Astronomers have reconstructed the global chemical composition of our galaxy to understand how it compares to other galaxies in the Universe. It turns out that it is not unique, but it is certainly unusual. This is something that alien astronomers would be able to pick up, and that we can use to understand the peculiar history of the assembly of our galaxy.
Hydrogen and helium have been in the universe since a few minutes after the Big Bang, but all the other elements (which astronomers call “the metals”) are created in stars and stellar processes. A galaxy's metallicity says a lot about it. And this new research provides the best look yet at the Milky Way's metallicity.
“Finding ways to compare our home galaxy with more distant galaxies is what we need if we want to know whether the Milky Way is special or not. This has been an open question since astronomers realized a hundred years ago that the Milky Way is not the only galaxy in the universe,” lead author Jianhui Lian, from the Max Planck Institute for Astronomy and Yunnan University, said in a statement.

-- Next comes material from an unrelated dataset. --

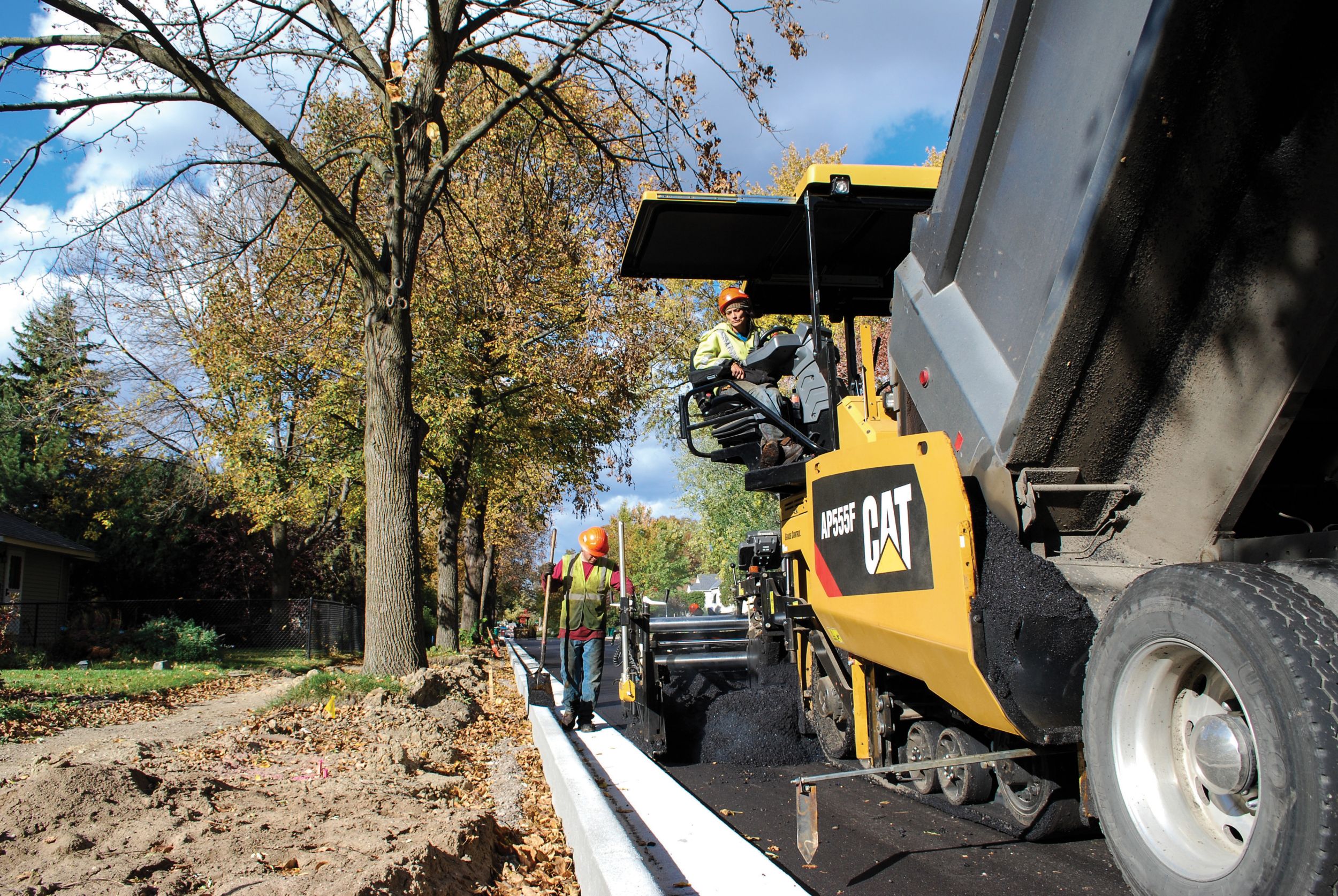 AP555F Mobil-Trac Paver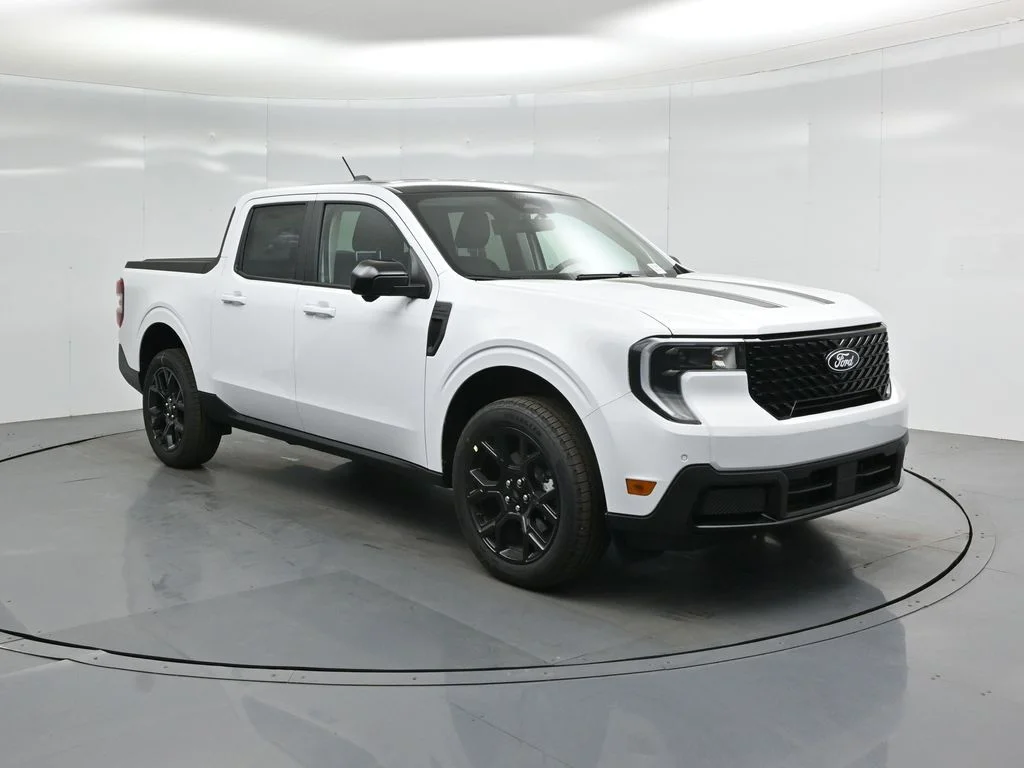 New 2026 Oxford White Ford Lariat image 56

The metallicity increases from the center of the Milky Way to about 23,000 light-years out, plateauing for a bit to levels of metallicity similar to that of the Sun. The Sun is 26,000 light-years from the center. But then, the metallicity drops again, going down to about one-third of solar at a distance of 50,000 light-years at the edge of our galaxy.
Compared to surveys of other galaxies such as MaNGA or simulations of galaxies such as TNG50, our galaxy's high metallicity donut is peculiar. Only one percent of the surveyed galaxies and only 11 percent of the simulated ones are quite like our own. The discrepancy between the two numbers is due to uncertainties in the survey and the limitations of making realistic simulations of the universe.
The peculiarity of our galaxy at its core could be due to activity from the supermassive black hole, which might have pushed more metal-rich gas outwards, stopping the formation of younger, more metal-rich stars. And at its edge, a collision with a small galaxy lacking in metals could have brought more pristine material, creating a large population of metal-poor stars.
“The findings are very exciting! This is the first time that we can meaningfully compare the detailed chemical content of our galaxy with the measurements of many other galaxies,” co-author Maria Bergemann, also from the Max Planck Institute for Astronomy, explained.
“The results are important for the next generation of comprehensive studies of galaxy formation. Those studies will use data from upcoming large-scale observational programs targeting the Milky Way or targeting distant galaxies. Our research shows how to sensibly combine the two kinds of data set.”
The study is published in Nature Astronomy.